KANE: I mean I think it could really hurt him. The Liberal government won in 2015 on a wave of actually indigenous voters, of people in British Columbia in particular who were willing to vote Liberal because he made a lot of promises around Indigenous reconciliation and environmentalism. So, I think a lot of people who voted Liberal in the last election have been very disappointed with his government's purchase of this pipeline and its failure to consult First Nations adequately on the pipeline. That said, are there people who are more conservative leaning who might be willing to vote Liberal? It's hard to say. We also have a conservative party in Canada that's more on the right of him. So, the Liberal Party in Canada is typically the centrist party. So, you really do need to gather people from both sides, and I don't see him being able to do that from the left.
CURWOOD: By the way, if this pipeline were to be expanded, to triple the sale of these oil sands into the world market, what does that do to Canada's commitment under the Paris Accord?
KANE: I don't see how they can meet it. They have said that their carbon pricing plan will offset, so they're trying to get carbon pricing in all provinces, but provinces have started to back away from the agreement. In fact, Alberta -- just last week after the court decision came down -- said we're not going to agree to a tax on carbon until you get this pipeline built. So, it looks like that plan is falling apart. The government continually says that they're trying to grow the economy while protecting the environment. But the reality is, if this pipeline project were to proceed, I think most experts agree that we could not meet our commitments under the Paris Agreement.

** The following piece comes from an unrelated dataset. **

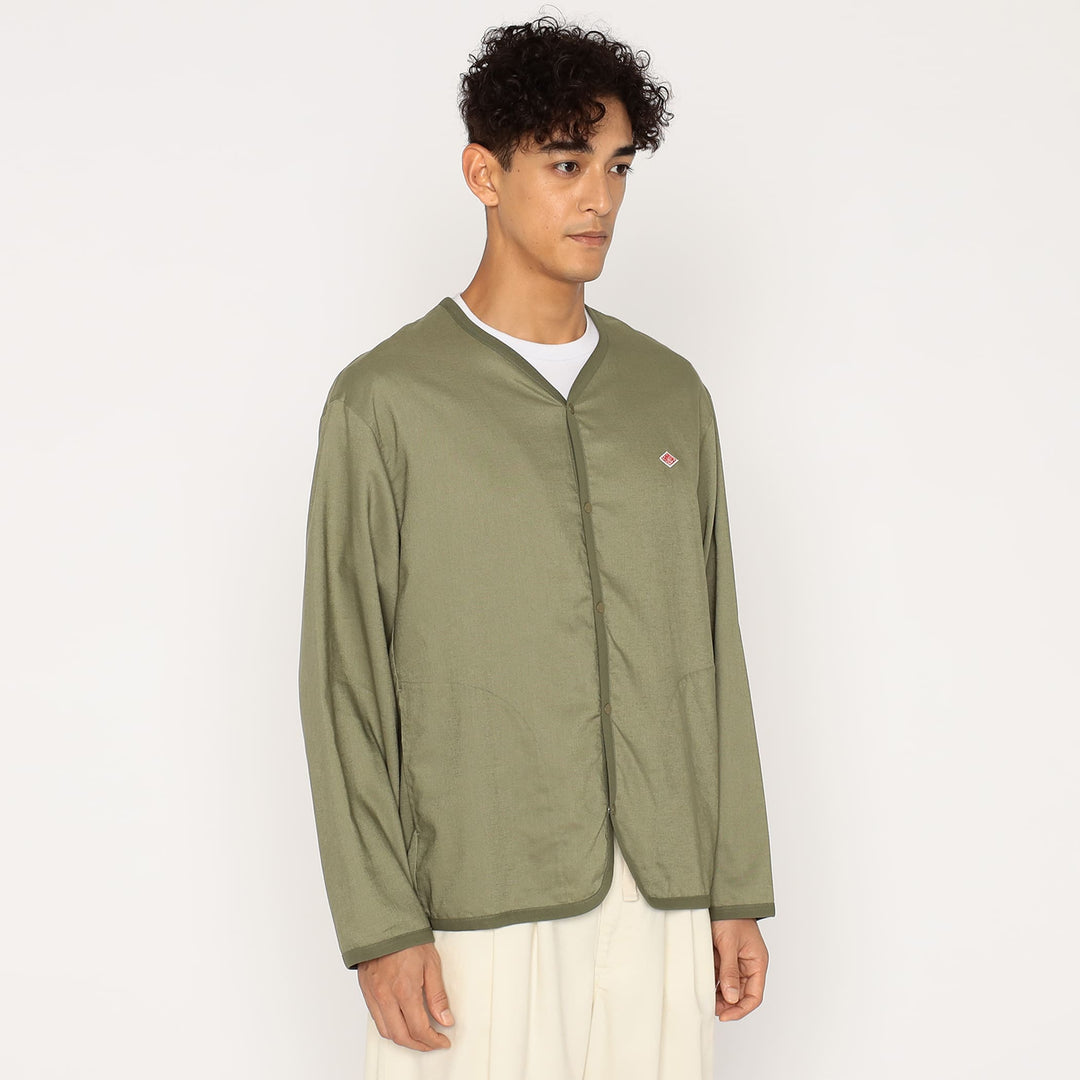 Men's Linen Polyester Cloth Shirt Cardigan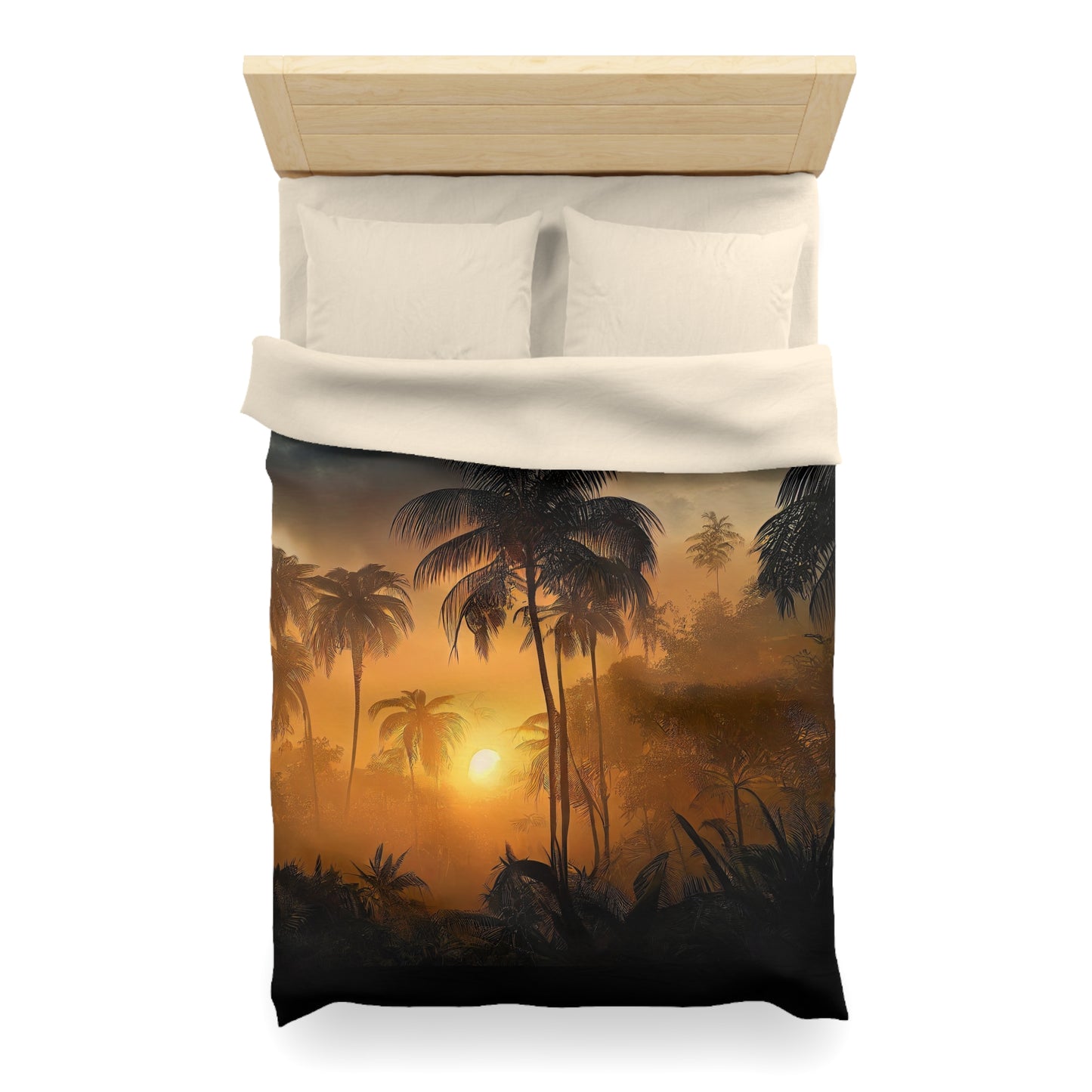 Microfiber Duvet Cover palm tree style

CURWOOD: To what extent are the First Nations people who had opposed this Trans Mountain Pipeline expansion celebrating this decision?
KANE: Certainly on the day the decision came down the indigenous groups who fought the project were so joyful. It was a really powerful moment. They stood on the banks of Burrard Inlet, which stands to see you know tanker traffic increase sevenfold if the project proceeds, and they said we're winning. And we fought this for all Canadians, we fought this for the world. We could have negotiated millions for support of this project and instead we protected the land and the water for you. So, that was certainly the mood last week and we'll just have to wait and see whether the project does in fact proceed at some point in the future.
CURWOOD: Laura Kane is an editor and reporter with The Canadian Press. Thanks so much for taking the time with us today, Laura.
KANE: Thank you so much for having me. I appreciate it.